Collected material:
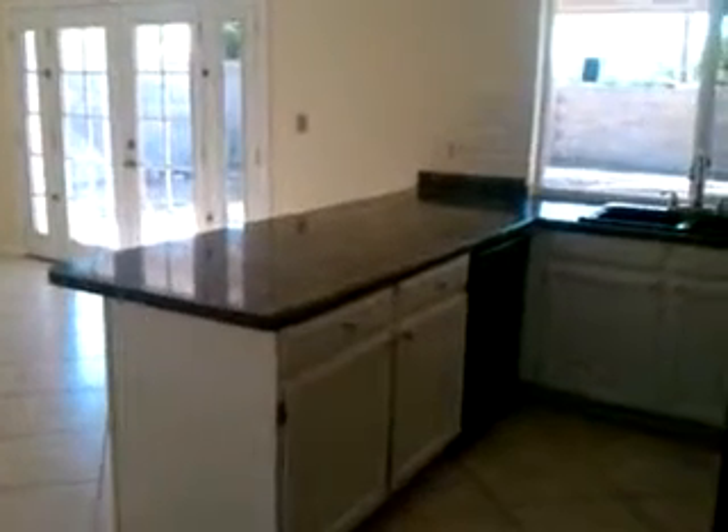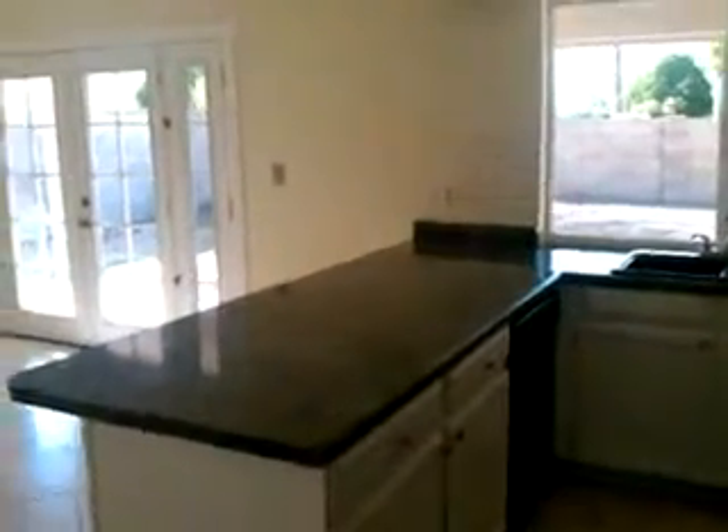This home has been completely remodeled from top to bottom, including new counters, cabinets, appliances, flooring, and has a two-tone paint scheme. Even the sinks, faucets, and light fixtures are new as well.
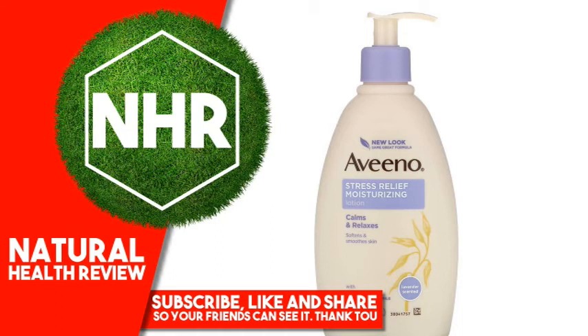Aveeno Active Naturals Stress Relief Moisturizing Lotion, 12 fluid ounces, 354 milliliters.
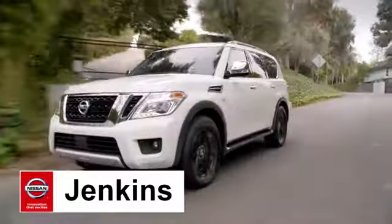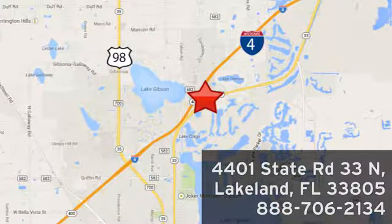At Jenkins Nissan, honesty is our policy. We're conveniently located at 4401 State Route 33 North in Lakeland, Florida.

Exercise requirements: Apart from the images, every line above is to be given again exactly.

Response:
This home has been completely remodeled from top to bottom, including new counters, cabinets, appliances, flooring, and has a two-tone paint scheme. Even the sinks, faucets, and light fixtures are new as well.
Aveeno Active Naturals Stress Relief Moisturizing Lotion, 12 fluid ounces, 354 milliliters.
At Jenkins Nissan, honesty is our policy. We're conveniently located at 4401 State Route 33 North in Lakeland, Florida.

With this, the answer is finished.